Read the word problem carefully. The vocabulary and the grammar may pose some problems to your students. Try to read the word problem aloud, as a group, to teach the students good reading habits. The vocabulary should be taught in such a way that the students can translate what they see into terms that they can handle, either symbolic or diagrammatic. In the reading the student should be taught to look for similarities and differences among mathematical ideas. In doing this, the nonessential will be distinguished from the essential information, and they should recognize the unknown(s).
From reading the problem and possibly restating it, the students may begin to make associations that tie the words to a possible solution. It is useful at this point to use diagrams, charts, symbols, approximations, and synthesize a plan of attack to divide the large problem into a set of smaller sub problems. The children should be forced to think the problems through. They must be active participants. One does not learn how to swim, for example, by watching someone else do it. It is the same with solving a word problem.
Let us look at this simple Consumer Math problem, (Problem Two):
Your sister’s gross salary is 15% more than yours in a week’s time. Your gross weekly salary is $ 182.00. What is your sister’s gross salary?
From reading this problem, one should note that the following might be the “key words”’ gross salary, 15% more than, and $ 182.00. One should also note possible associations. Both yours and your sister’s salaries are listed as gross pay. The question asks for gross pay, your solution will be gross pay.
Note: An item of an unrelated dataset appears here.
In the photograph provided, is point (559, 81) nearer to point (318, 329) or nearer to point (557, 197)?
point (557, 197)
There are two numbers to operate with. The reader should realize that “your sister’s salary” is “more than” yours. The solution, therefore, will be more than $ 182.00. Please note, we are not solving the problem in this step, but merely analyzing the written words.
A large collection of key questions will assist the student in “Knowing the Problem”, such as these’
What data is given?
What units of measurement are used?
Do you need to set up a graph?
Can you write an algebraic expression?
Can you compare the problem to a similar one?
Do you have enough data to solve the problem?
Are there any words or symbols to introduce?
An understanding of the word problem must be a prerequisite to the next step. We can easily aide the student by using language games and a series of strategically planned exercises to test, and if necessary, to further develop their understanding of the concepts in the word problem at hand. You can use such exercises as a word search, crosswords with numbers, and games using codes.
The first step in our method is the most essential. This step enables the person to follow through and solve the problem. Any mishaps at this point will probably result in the failure to reach the desired outcome.